Retour

Le Groenland, grand responsable de la hausse du niveau des océans

La calotte glaciaire du Groenland est à l'origine de 25 % de la hausse du niveau des océans, contre 5 % il y a 20 ans, montre une étude britannique.

Les auteurs, le Pr Peter Wadhams et ses collègues de l'Université d'Oxford, estiment en outre que le niveau des océans montait en 2014 à une vitesse supérieure de 50 % à celle de 1993.

Ces données risquent d'accroître l'inquiétude des scientifiques qui redoutent que le niveau des océans monte plus vite que ce que prévoit le GIEC (Groupe d'experts intergouvernemental sur l'évolution du climat, dont les travaux font autorité sur le climat).

Le GIEC estime que la hausse du niveau des océans pourrait atteindre 60 à 90 centimètres d'ici la fin du siècle. Cette estimation prudente suppose que la vitesse à laquelle les océans montent restera stable.

Or, la présente étude montre qu’en 2014 le niveau des océans a augmenté d'environ 3,3 mm/an contre 2,2 mm/an en 1993.

Des centaines de millions de personnes vivent actuellement dans des zones situées sous le niveau de la mer. D'importantes villes côtières sont menacées par la hausse du niveau de l'eau et de petites îles se préparent à être submergées.

À lui seul, le Groenland contient assez d'eau gelée pour faire monter le niveau des océans d'environ sept mètres.

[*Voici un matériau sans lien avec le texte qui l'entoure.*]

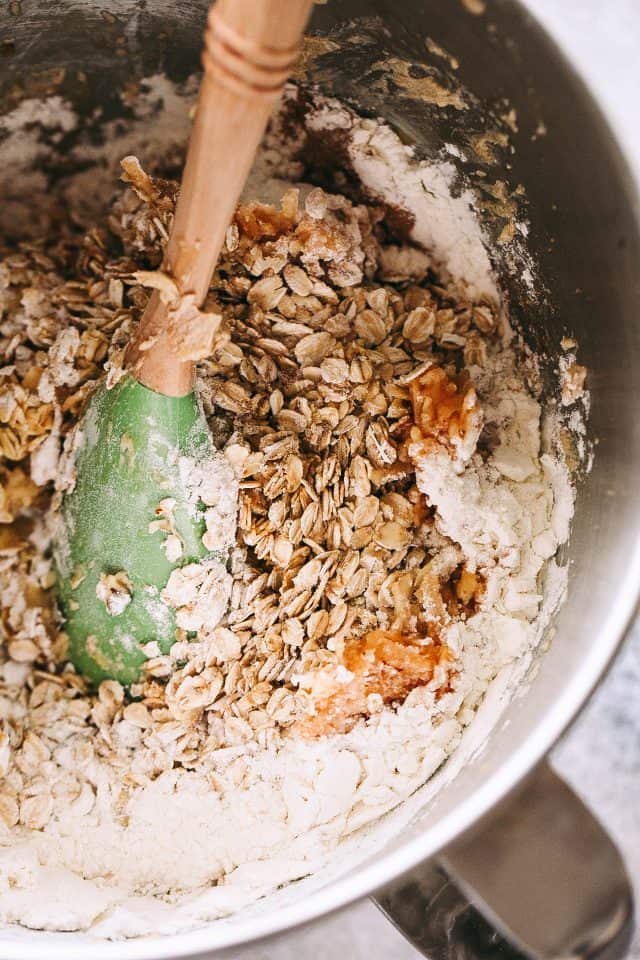 Apple oatmeal cookie dough coming together in a metal mixing bowl with a spatula.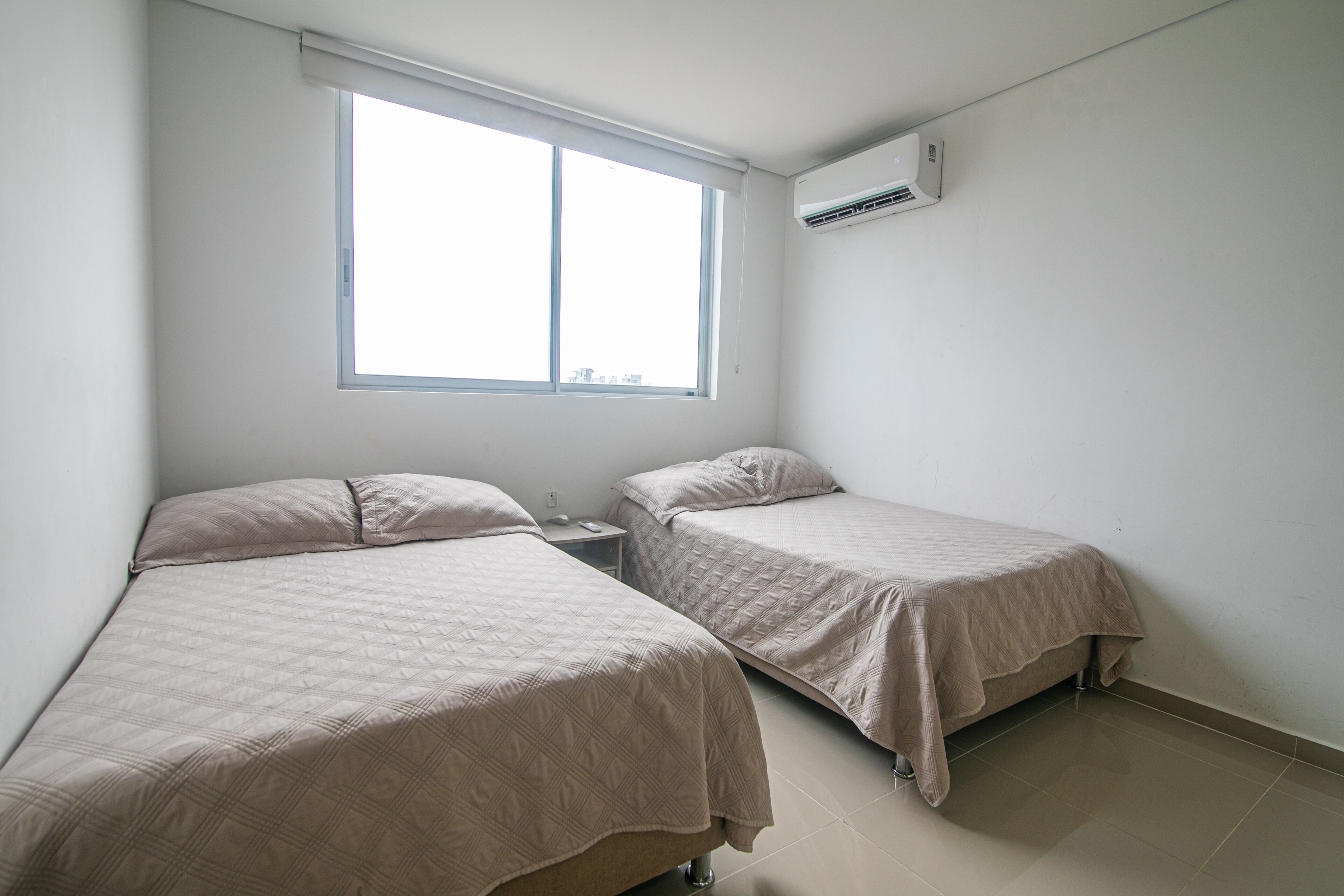A room with two beds, a window, and an air conditioning unit.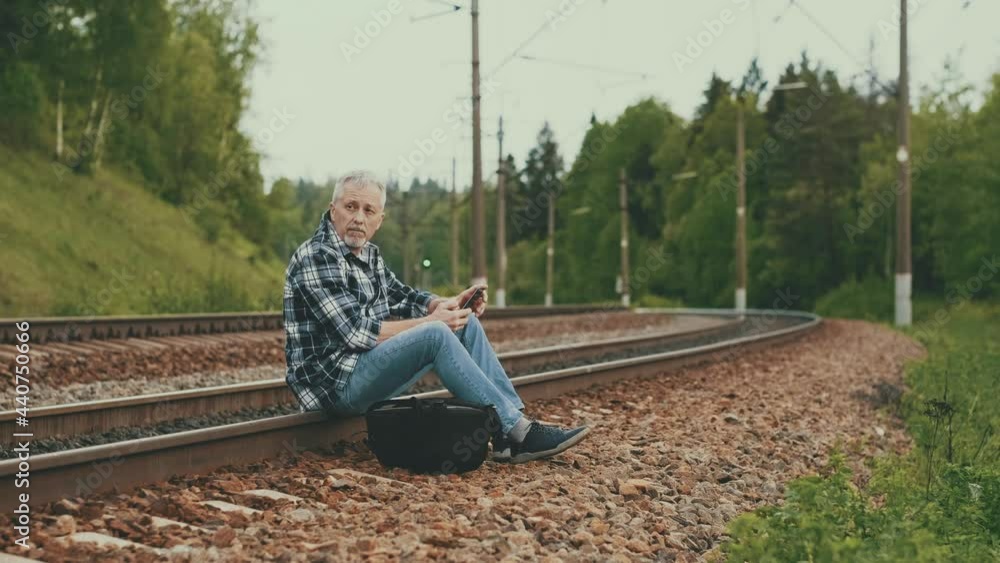 An elderly male tourist is sitting on the railway tracks, looking through information on the phone and waiting for the train. A middle-aged tourist waits for a train on the railway on a summer day. An elderly male tourist is sitting on the railway tracks, looking through information on the phone and waiting for the train. A middle-aged tourist waits for a train on the railway on a summer day.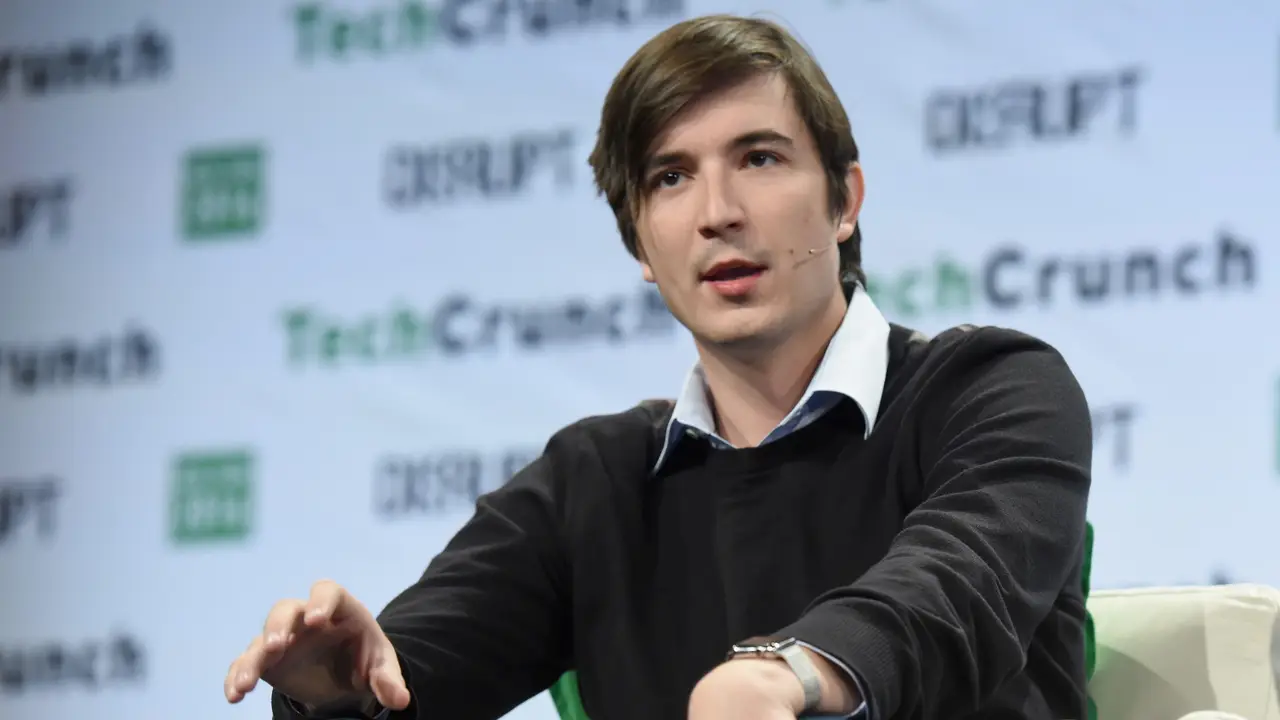 Robinhood CEO Vlad Tenev speaking onstage at TechCrunch Disrupt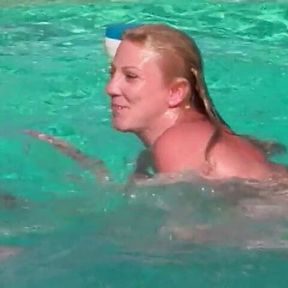 Sexy nympho has wild lesbian fun in pool with blonde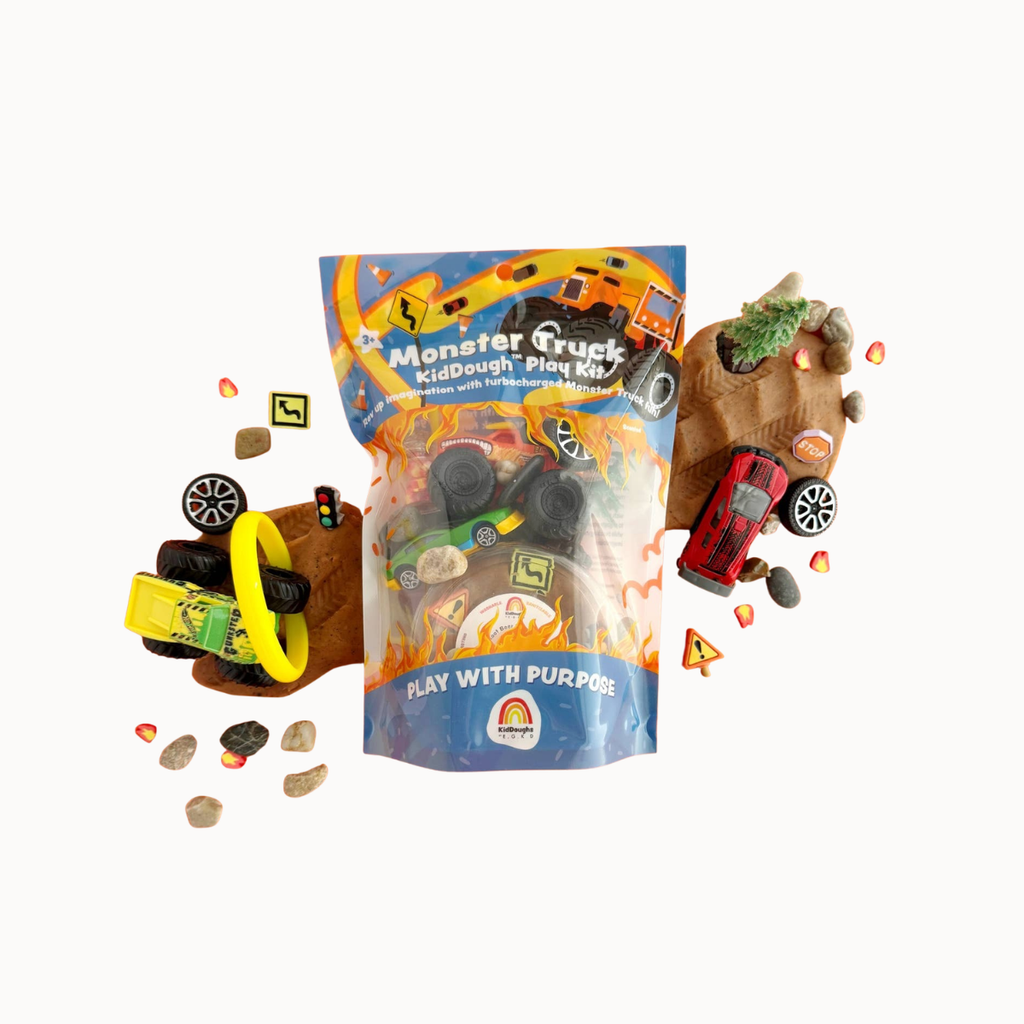 Monster Truck KidDough Play Kit with a blue and orange bag of dough and various toy vehicles and road elements scattered around on a white background.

Deux méthodes réconciliées

Ces travaux réconcilient les résultats de deux méthodes distinctes de mesure du niveau des océans.

La première consiste à examiner la contribution à cette hausse de trois éléments : la dilatation de l'océan due au réchauffement climatique, les modifications dans la quantité d'eau disponible sur terre, et la fonte de la glace provenant de glaciers et de la calotte glaciaire au Groenland et en Antarctique.

La seconde, l'altimétrie satellitaire, consiste à mesurer la distance entre un satellite et la surface de la mer.

À ce jour, les données fournies par l'altimétrie montraient peu de changements dans les niveaux des océans ces vingt dernières années, même si d'autres mesures laissaient peu de place au doute quant à une hausse du niveau des océans.

Les auteurs de l'étude, publiée dans la revue Nature Climate Change, ont corrigé un biais, petit, mais important, dans les données satellitaires de la première décennie.

Au début des années 1990, la moitié de la hausse s'expliquait par la dilatation due au réchauffement, contre 30 % 20 ans plus tard. Le Groenland contribue en revanche désormais pour 25 % contre 5 % il y a 20 ans.